Aw, man, I had such high hopes for this one based on the first few pages. Classic female chunks of cheese all over the place (details to follow). Then the estrogen-infused cheese disappears. Worse, it becomes a politically correct race-sex-LBGTQ tract. With no plot, not even a pretend plot. Not even a gesture in the direction of faking an interest in thinking about the possibility of coming up with a plot. Sigh. Well, at least I got this for just 50 cents at a local library book sale. If I’d paid full price for this I’d be pissed. I mean, the title, “The Dirty Girls Social Club,” come on! That’s purposefully designed to trick 25-year-old chicks into buying it, expecting a lot of graphic sex, just so they can be conned into reading the author’s political complaints.
And it started so promisingly! Here’s what I’d written when I was a few pages in:
A “novel” about six “Latina” chicks living in Boston. They call themselves “sucias,” which we’re told means “dirty girls.” Each chapter is narrated by a different chick. At least judging by the first chapter there’s a lot of PC whining about being Hispanic in the US, which I am mostly going to try to ignore. But some of it is bound up with the author’s standard-mold female drama queenery, attention-whoring, and humble-bragging, so it’s impossible to avoid all of it. I hope that later chapters, narrated by other characters, will dial this the fuck down or it’s going to get really old really fast.
(Boy, was that hope dashed.)
But judging from the first 3 pages, this is going to be great as far as the female psychology stuff goes. The narrator of the first chapter is one Lauren Fernandez. In a horribly violent act of cultural genocide, I am omitting the accent mark over that last letter a. (I’m tempted to include an umlaut over one of the consonants, like Spinal Tap.) She bemoans her excessively dramatic life in classic female drama queen fashion – in particular the fact that her boyfriend is cheating on her – does a humblebrag about a guy at the bar checking her out even though she describes herself as “gross,” and obsesses about her fingernails and her variable clothing sizes, thus confirming that if men portrayed women as being half as obsessed with clothing and personal grooming as they actually are, feminists would go into tachycardia. She then returns to the fact that the men in her life all cheat on her. Complete with the standard excuse-making and denial of responsibility: “I don’t pick them, exactly. They find me, with that whacked radar…” All this within the first two pages! You can see why I had high hopes for this one.

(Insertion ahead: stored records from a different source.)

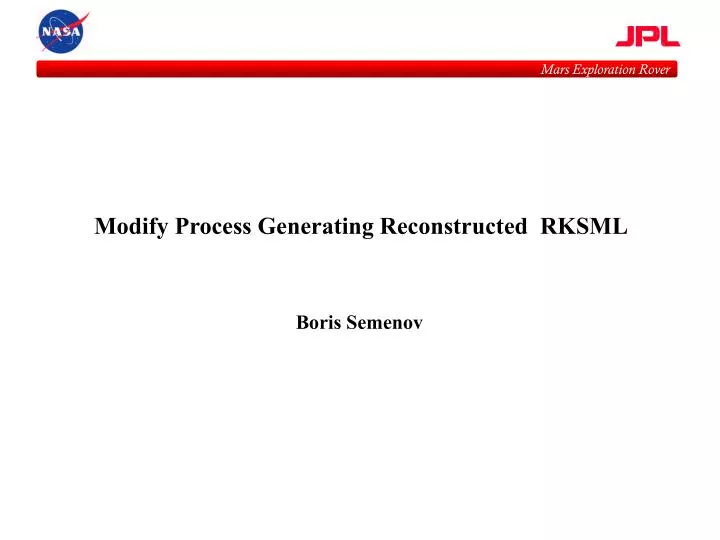 modify process generating reconstructed rksml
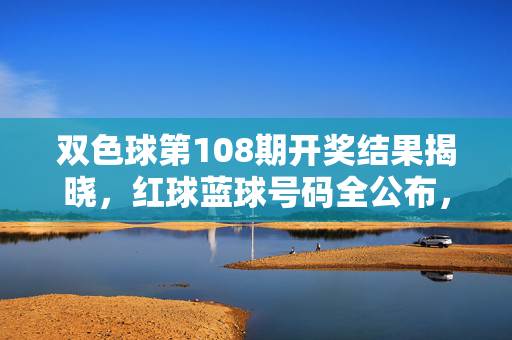 双色球第108期开奖结果揭晓，红球蓝球号码全公布，速速查询你的中奖号码！双色球第108期开奖结果揭晓 红蓝球号码速查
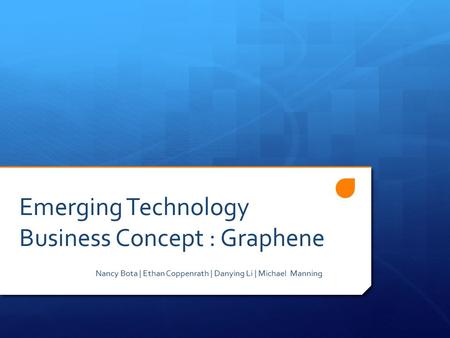 Emerging Technology Business Concept : Graphene Nancy Bota | Ethan Coppenrath | Danying Li | Michael Manning.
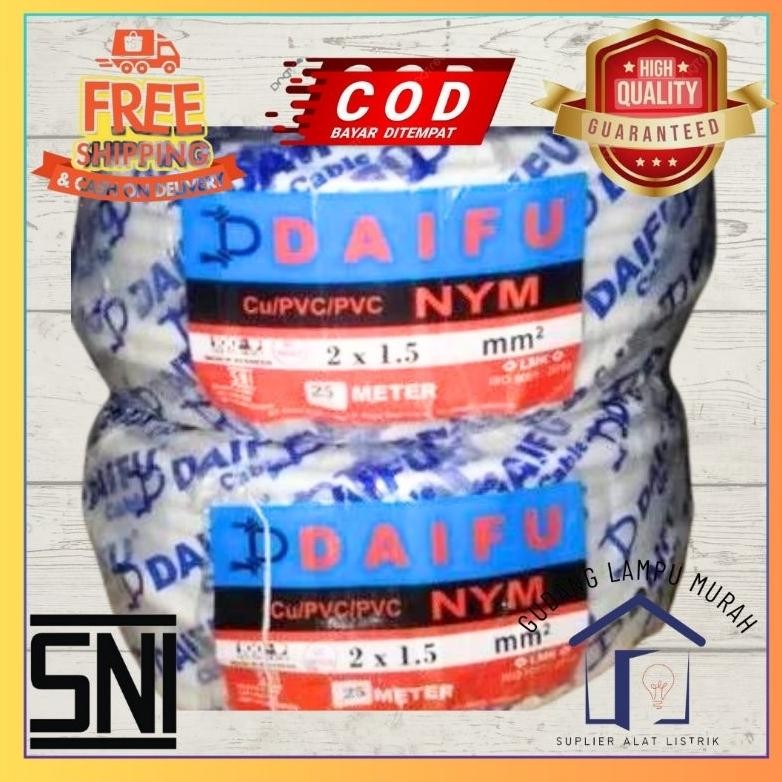 Kabel Listrik NYM 2x1.5mm DAIFU 50M Full SNI LMK Standar PLN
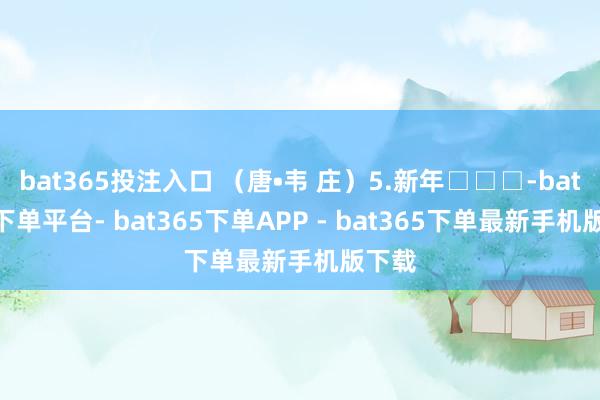 bat365投注入口 （唐•韦 庄）5.新年□□□-bat365下单平台- bat365下单APP - bat365下单最新手机版下载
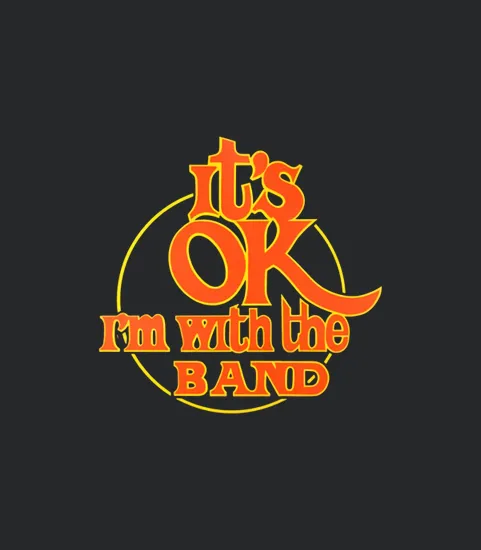 It Is Ok Im With The Band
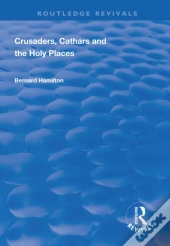 Crusaders, Cathars And The Holy Places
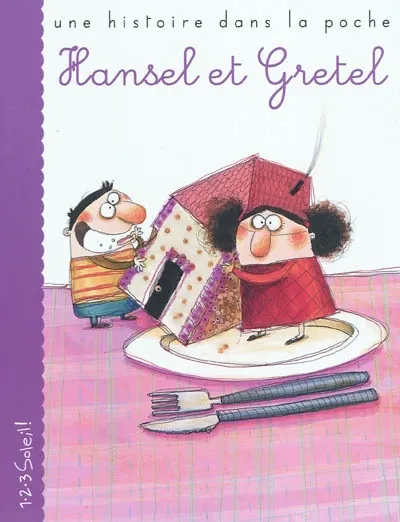 Livres Jeunesse Les tout-petits Albums HANSEL ET GRETEL Wilhelm Grimm, Jacob Grimm, Anna Laura Cantone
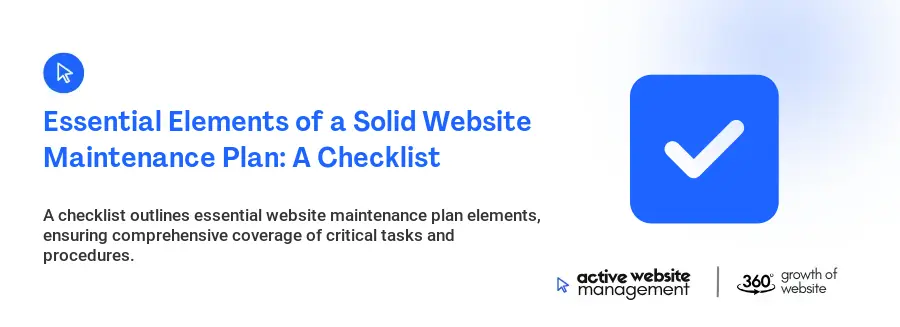 Essential Elements of a Solid Website Maintenance Plan: A Checklist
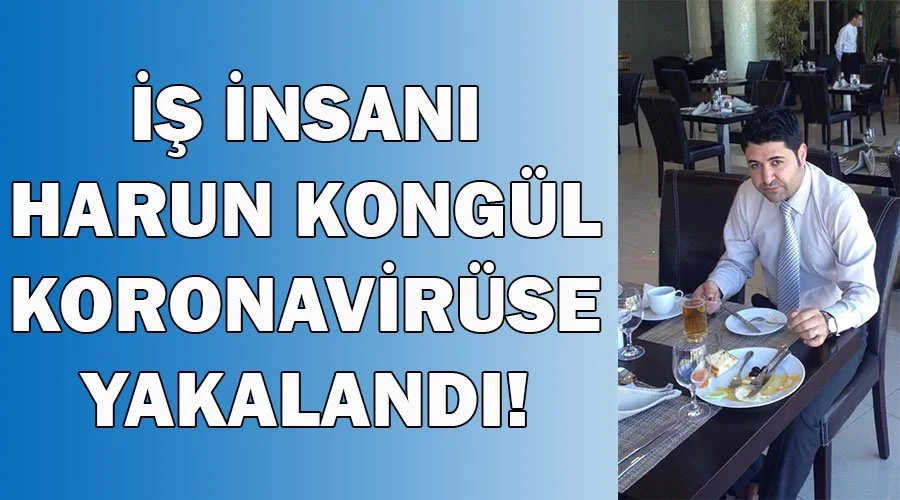 İş insanı Kongül koronavirüse yakalandı!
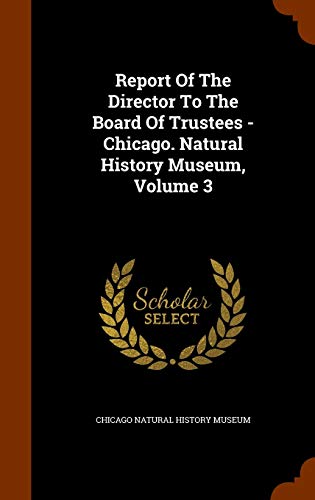 Report Of The Director To The Board Of Trustees - Chicago. Natural His cover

She’s a reporter, because of course she is. It had to be either that or lawyer. Assuming that another one of the “dirty girls” is a lawyer, what do the other four do? Can’t wait to find out! My guess as of page 5: One of them does something in education, one works for a charity, and one has some sort of “high-pressure” corporate job. That leaves one for government, maybe “social work” of some kind. LATER: Not one but two “journalists”! And one professional musician: how could I have forgotten “rock star”?
P.6: More PC whining about how hard it is being a non-white chick. Complains that when she doesn’t do her job, a white man dares to note that fact:
“I’m always early. It’s the reporter training—come late, lose the story. Lose the story, risk having some envious and mediocre white guy in the newsroom accuse you of not deserving your job.” Can you believe that? Some white guy might say I don’t deserve my job just because I didn’t do my job! The nerve! I’m a non-white woman! I deserve to keep my job even if I don’t do it! Grr. Talk about entitlement mentality! I’m noting this because it’s relevant on the very next page, so put it in your short term memory.

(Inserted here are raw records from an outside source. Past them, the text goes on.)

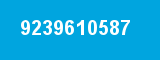 9239610587 9239610587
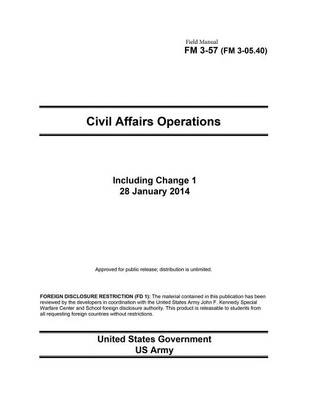 Book cover for Field Manual FM 3-57 (FM 3-05.40) Civil Affairs Operations including Change 1 28 January 2014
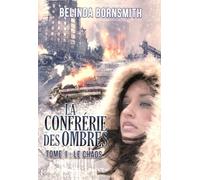 La Confrérie des Ombres - Tome 1 : Le Chaos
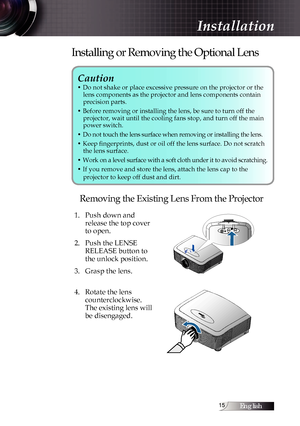 Page 15English1
Caution 
• Do not shake or place excessive pressure on the projector or the lens components as the projector and lens components contain  
precision parts.
• Before removing or installing the lens, be sure to turn off the   projector, wait until the cooling fans stop, and turn off the main 
power switch.
• Do not touch the lens surface when removing or installing the lens.
• Keep fingerprints, dust or oil off the lens surface. Do not scratch  the lens surface.
• Work on a level surface with...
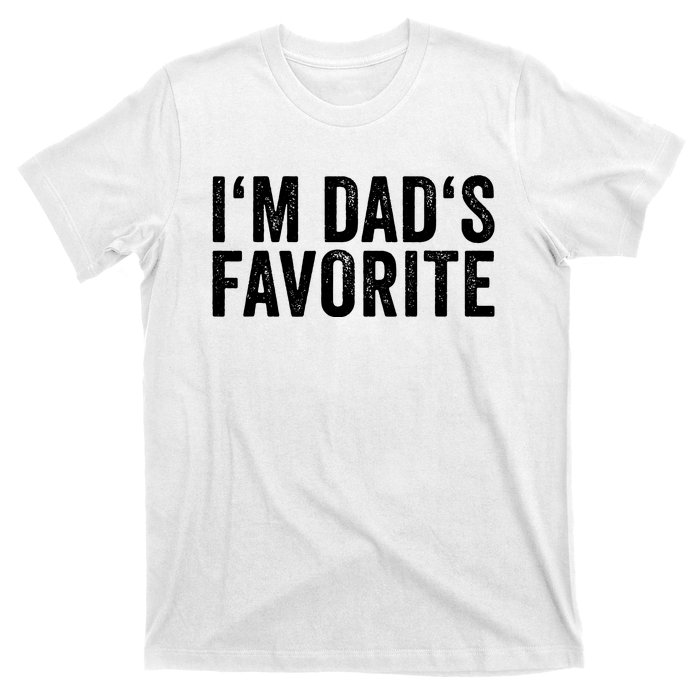 Favorite Daughter Son Child Boy Girl Im Dads Favorite T-Shirt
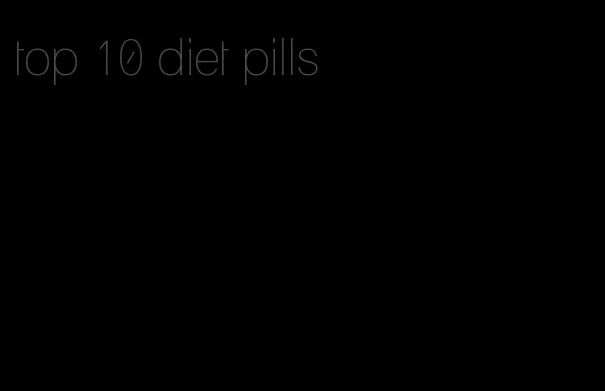 top 10 diet pills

P. 7: In case you didn’t get the drama queenery a couple of pages ago: “Men like Ed [her boyfriend] find me, because they smell the hidden truth of Lauren on the wind: I hate myself because no one else has ever bothered to love me.” Leaping cats! How do people who are so un-serious take themselves so seriously? You can practically see her striking a pose. The back of one hand presses against her forehead as she slumps to the ground in a faint. From all the drama! Of being forced to date jerks!
Still p. 7: More self-obsessed PC whining: “First week on the job an editor strolled past my desk and said in the deliberate, too-loud English they would all come to use on me, ‘I’m so glad you’re here representing your people.’” No whiteys talk like this to Hispanics, at least not that I’ve ever heard. The other two options are to say “I’m not glad you’re here,” in which case she’d complain about the hostility, or to say nothing, in which case she’d complain about being “culturally erased” or something.

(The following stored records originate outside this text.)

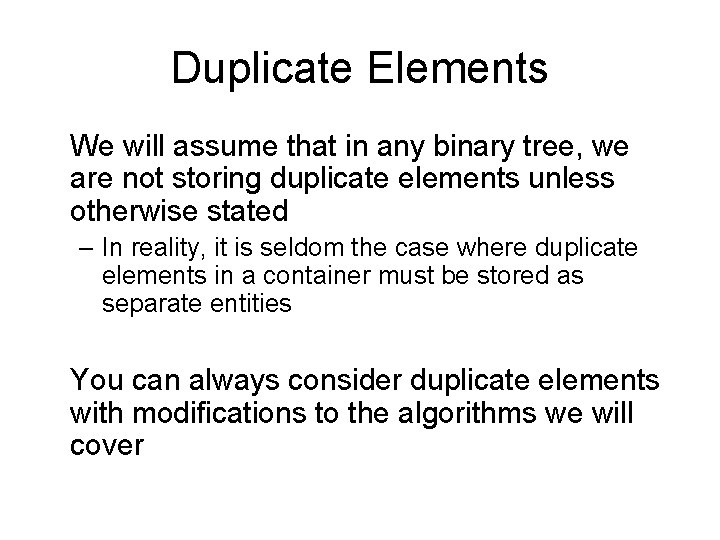 Duplicate Elements We will assume that in any binary tree, we are not storing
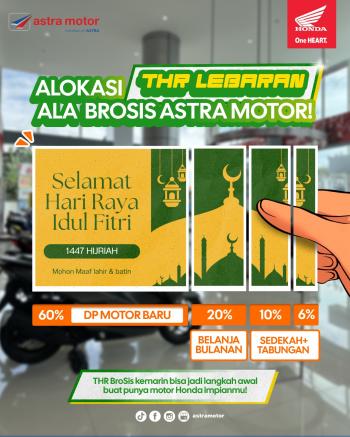 Alokasi THR Lebaran Ala Brosis: Astra Motor Natar Ajak Konsumen Wujudkan Motor Impian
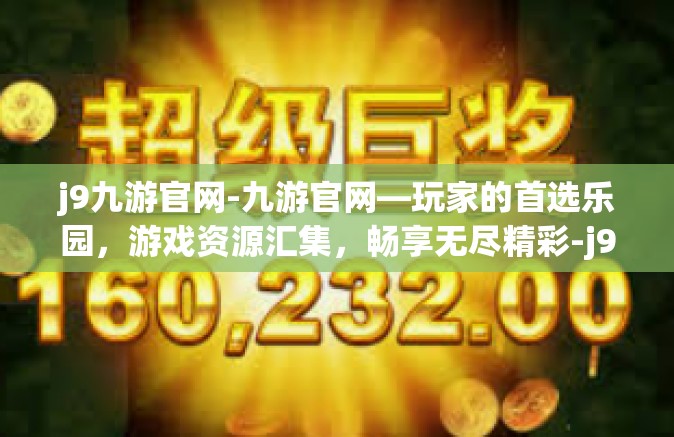 j9九游官网-九游官网—玩家的首选乐园，游戏资源汇集，畅享无尽精彩-j9九游官网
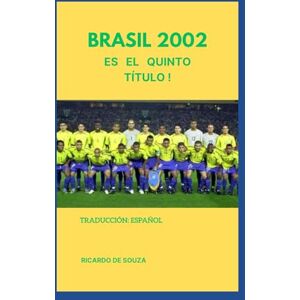 de Souza, Ricardo Brasil 2002: ¡es el quinto título ! de Souza, Ricardo Brasil 2002: ¡es el quinto título !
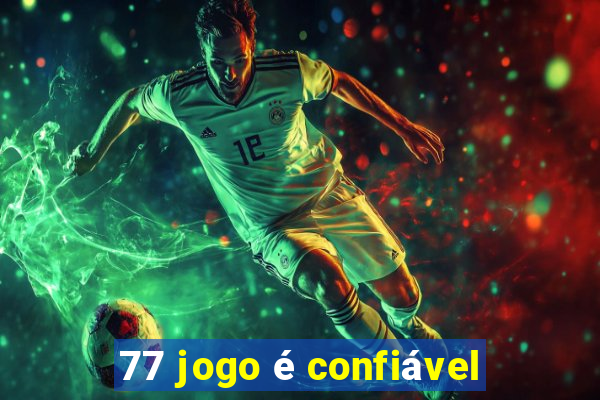 77 jogo é confiável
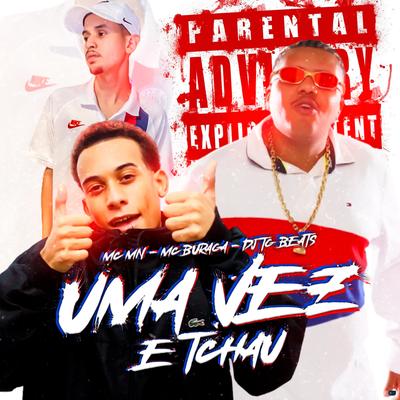 Uma Vez e Tchau (feat. MC MN & MC Buraga) (feat. MC MN & MC Buraga) By DJ TG Beats, MC MN, MC Buraga's cover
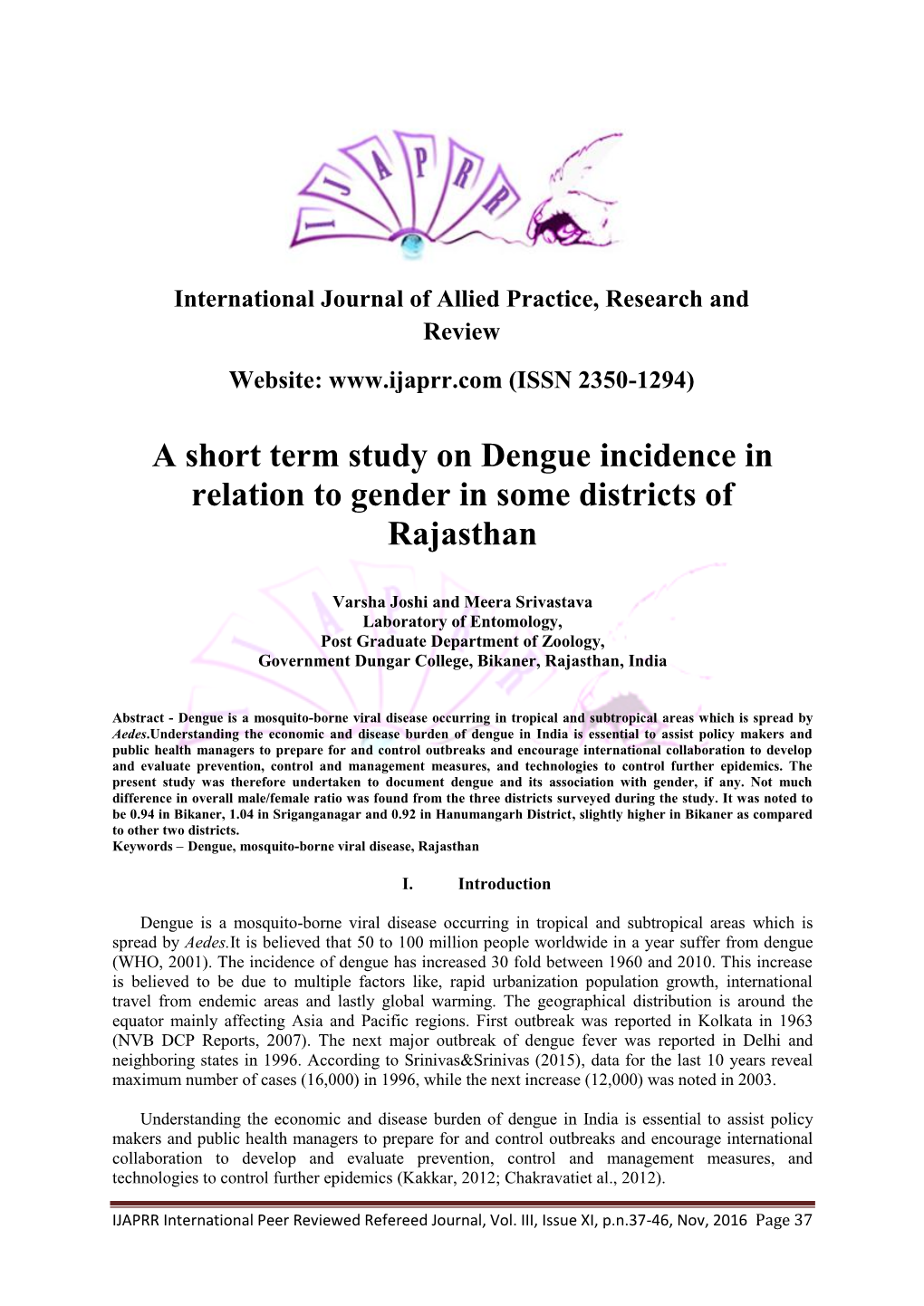 A Short Term Study on Dengue Incidence in Relation to Gender in Some Districts of Rajasthan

Still p. 7: Check this out: Our Narratrix wants another beer, and is peeved that the waitress is distracted by the bar’s TV: “Como? she asks, looking confused. She was watching a Mexican soap opera on a small TV behind the counter and looks annoyed to be bothered with, you know, work.” Jesus, bitch, it was just at the top of the previous page that you complained about being expected to do your job!
P.9: attention whore ultra-fantasy. Our Narratrix is a reporter, as I may have mentioned once or twice. The paper she works for, The Gazette, has recently, well, read:
“It’s getting a little harder to take public transit because the Gazette recently put up billboards all over town with my huge red-brown curly hair and grinning freckled face on them, accompanied by the idiotic words ‘Lauren Fernandez: Her Casa Is Your Casa, Boston.’”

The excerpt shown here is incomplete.